Jorge Rossy, Stay There
Jorge Rossy, Stay There
Accompagnateur de Woody Shaw, Joe Lovano, Kenny Wheeler, Chick Corea ou Charlie Haden, le Catalan Jorge Rossy est surtout connu pour avoir été le batteur de Brad Mehldau durant une longue période entre 1994 et 2005 ( une période pendant laquelle le trio enregistra les fameuses sessions “The Art of The Trio”). Pour ce nouvel album, il délaisse les baguettes pour les mailloches.

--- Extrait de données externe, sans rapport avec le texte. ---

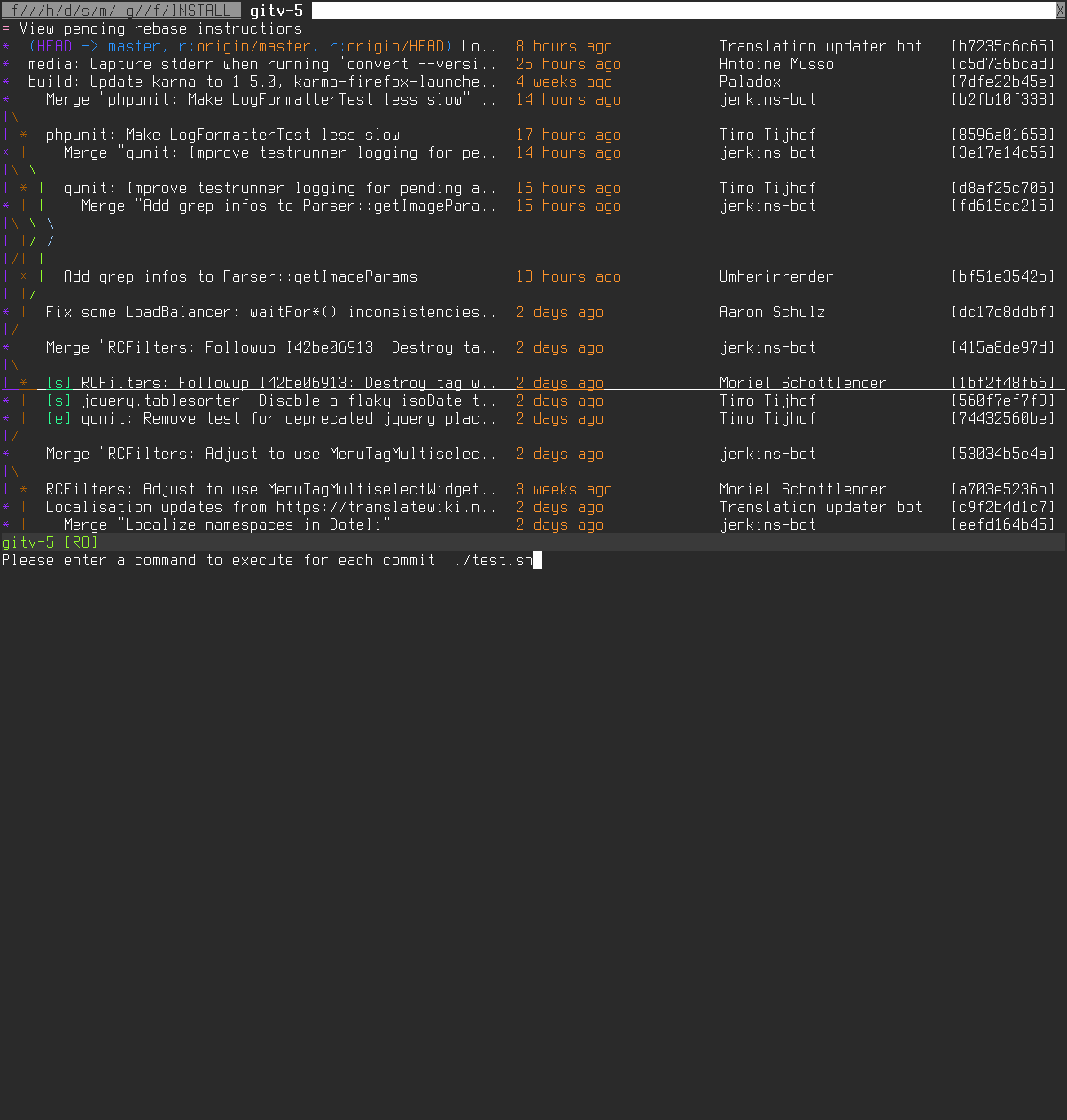 gitv interactive rebasing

Pour le remplacer derrière les fûts, une légende du jazz ni plus ni moins, Al Foster, un musicien qui fit partie du groupe de Miles Davis pendant plus de dix ans, avant d’enregistrer aussi les albums « State of The Tenor » avec Joe Henderson ou de jouer aux côtés de Sonny Rollins ou Herbie Hancock. Pour compléter le quintet, Jorge Rossy rassemble quelques amis avec lesquels il a déjà un long parcours : Jorge Rossy est en effet le drummer du tout premier album du saxophoniste Mark Turner, a joué avec le bassiste Doug Weiss dès 1991 dans la formation du pianiste Kevin Hayes, et enfin a fréquenté le guitariste Peter Bernstein lors de « clinics ». Voici donc un quintet qui a tout d’un all-stars, même si Jorge Rossy s’en défend. Dès les premières notes de Who Knows About Tomorrow, une valse chaloupée qui sonne comme un standard, on est saisi par le souvenir de cette façon souple qu’a Al Foster de jouer des balais – du coup, je me suis repassé les sessions au Village Vanguard avec Joe Henderson. Artesano, une composition de l’Argentin Guilermo Klein dédiée à Jorge, met aussi le drumming impeccable d’Al Foster en évidence. Blessed, basé sur les accords de God Bless The Child, plonge les musiciens dans un jazz pur baigné de tradition. W Waltz serait bien un trois temps en hommage à Wayne Shorter. Voici donc un album moderne, mais aux références bien trempées dans la tradition, une pure merveille où mélodies, harmonies et rythmes tissent une toile musicale profonde et variée qui fait oublier cette notion de « All Stars » évoquée plus haut, mais qui est la marque d’un groupe où l’engagement de chacun dépasse la tentation de tirer la couverture à soi. Un album qui donne une nouvelle dimension à la carrière de Jorge Rossy.